Sag Harbor is also rich in 1985 -- the sportswear, the radio hits, the sudden and unaccountable appearance of New Coke. One amusing riff, in a book stuffed with them, has Benji, an erstwhile geek, admitting that he still occasionally arranges the world via a Dungeons and Dragons classification system: Lawful Good (naps), Chaotic Good (crazy Uncle Nelson), Lawful Evil (his science teacher), Chaotic Evil ("the Older Boys of Sag").
Whitehead's stylistic talents are amply on display. Benji takes a summer job scooping ice cream at Jonni Waffle, which becomes, in Whitehead's hands, an imaginative minimum-wage hell. "The dust of the waffle mixture swirled in the air like asbestos in the guts of a condemned factory, roosted in the soft warrens of the lungs, clung to hair like sweet dandruff. . . . When you worked the waffle grills, the steam of the cooking cones became a localized atmosphere, the tarpit exhalations of an ancient, stunted planet." Whitehead has a David Foster Wallace-esque knack for punctuating meticulously figurative constructions with deadpan slacker wit. From a paragraph on the use of a popular epithet, Whitehead writes, "Dag was bitter acknowledgment of the brutish machinery of the world. It was a glimpse into the cruel void, as evidenced by the fact that it was often followed by, 'That was cold.' "
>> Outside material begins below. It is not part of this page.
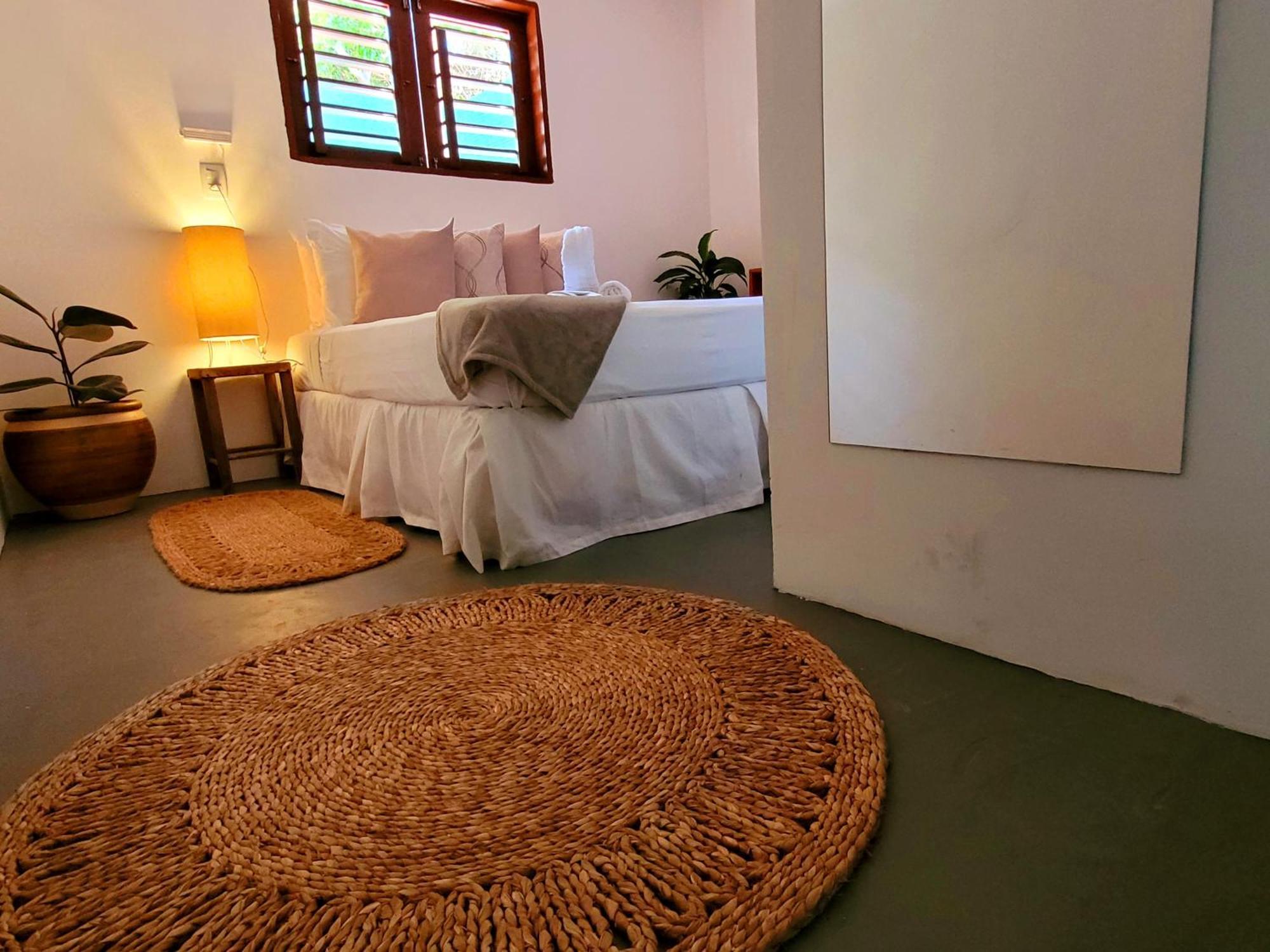 Villa Valencia Jijoca de Jericoacoara Phòng bức ảnh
Language, humor, riff, anecdote (about, say, holding Emily Dorfman's hand at the roller rink) -- these are what the book offers in place of a sustained storyline. You can't help but admire Whitehead's writerly gifts, but there's something idling and indolent about his method here. "Sag Harbor" reminded me, not in a good way, of "The Colossus of New York," Whitehead's book-length love letter to his home city: stylistically virtuosic but stubbornly hard to finish.
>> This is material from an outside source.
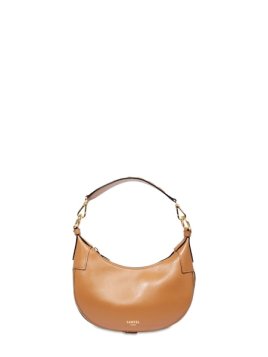 Lancel A13313 - CUIR DE VACHETTE - CAME sac besace hobo s origami Sac business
It's poor form to speculate, but I'll go ahead: Whitehead seems uneasy with the confessional demands of autobiography. For that's surely what this is -- memoir masquerading as a novel. Whitehead says as much in his amusing "Message From the Author," included with my advance copy: "I've always been a bit of a plodder, which is why I now present my Autobiographical Fourth Novel, as opposed to the standard Autobiographical First Novel." So let's grant that Benji, a brainy black kid marooned at a very white Upper East Side private school, is a Whitehead stand-in, and we'll guess that Benji's family bears some resemblance to the author's own. This would explain the skittish way he describes their rather alarming dysfunctions. His father is, in glimpses, a brutish drunk; he hits Benji in the face, calls Reggie a demoralizing (and unprintable) nickname, verbally abuses their mother. But Benji's disassociated narration treats this as just one more feature of the summer landscape, no more worthy of the reader's attention than the season's Lisa Lisa and Cult Jam track.
"I was wired not to let other people know our business," Benji says at one point -- a wariness that extends to the novel itself. Perhaps novels don't require plots, but it seems to me they do need something: a sense of excavation, some deeper fathom of character attained. For all its amusements and felicities of language, "Sag Harbor" never dives very far below the surface. Emotionally, it's a low-stakes affair, which is another way of saying it's a little too much like summer for its own good.
Antrim is the author of the novel "The Headmaster Ritual."